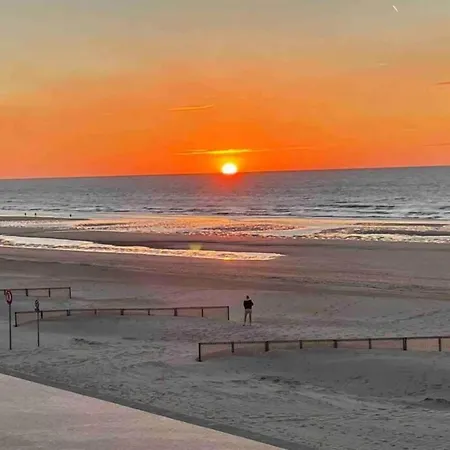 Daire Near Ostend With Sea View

----------------

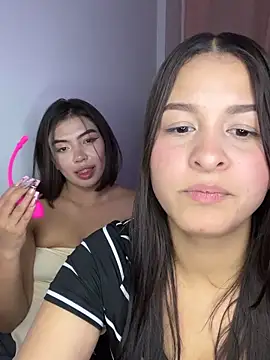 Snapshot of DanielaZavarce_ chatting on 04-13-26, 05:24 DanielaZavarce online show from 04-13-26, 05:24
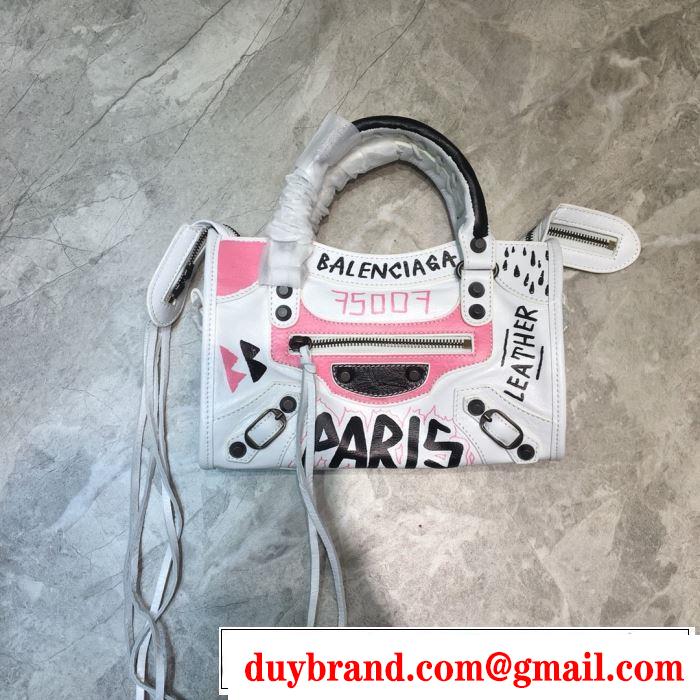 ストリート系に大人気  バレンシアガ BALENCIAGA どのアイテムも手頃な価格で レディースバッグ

----------------

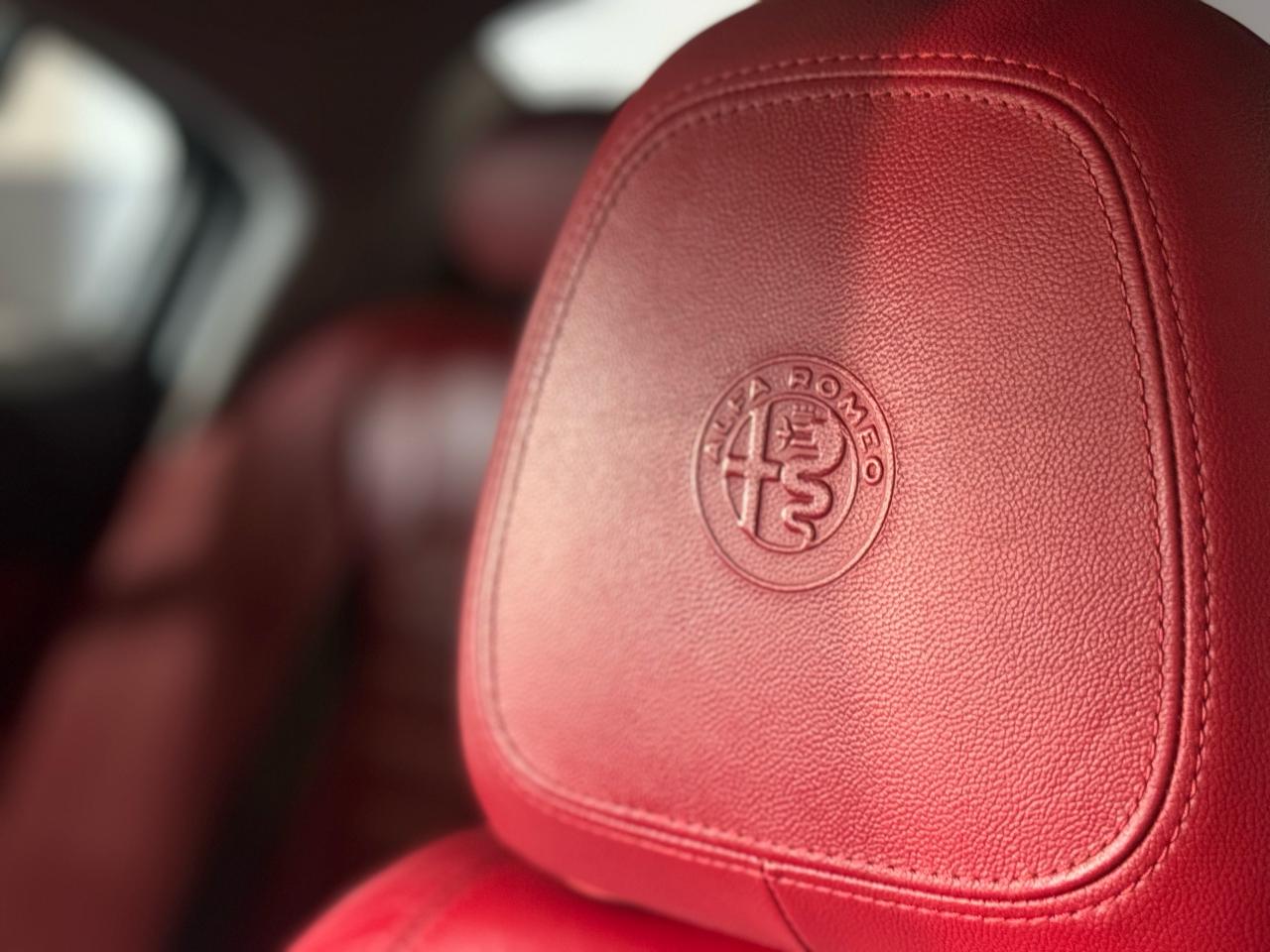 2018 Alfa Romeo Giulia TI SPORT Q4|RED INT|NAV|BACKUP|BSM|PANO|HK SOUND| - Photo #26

----------------

> _YOUR INSTRUCTIONS_
Without the pictures, set down the lines above from the line with "Snapshot of DanielaZavarce_" up to and including the line with "BALENCIAGA どのアイテムも手頃な価格で レディースバッグ" exactly as they stand.

> _EXERCISE OUTPUT_
 Snapshot of DanielaZavarce_ chatting on 04-13-26, 05:24 DanielaZavarce online show from 04-13-26, 05:24
 ストリート系に大人気  バレンシアガ BALENCIAGA どのアイテムも手頃な価格で レディースバッグ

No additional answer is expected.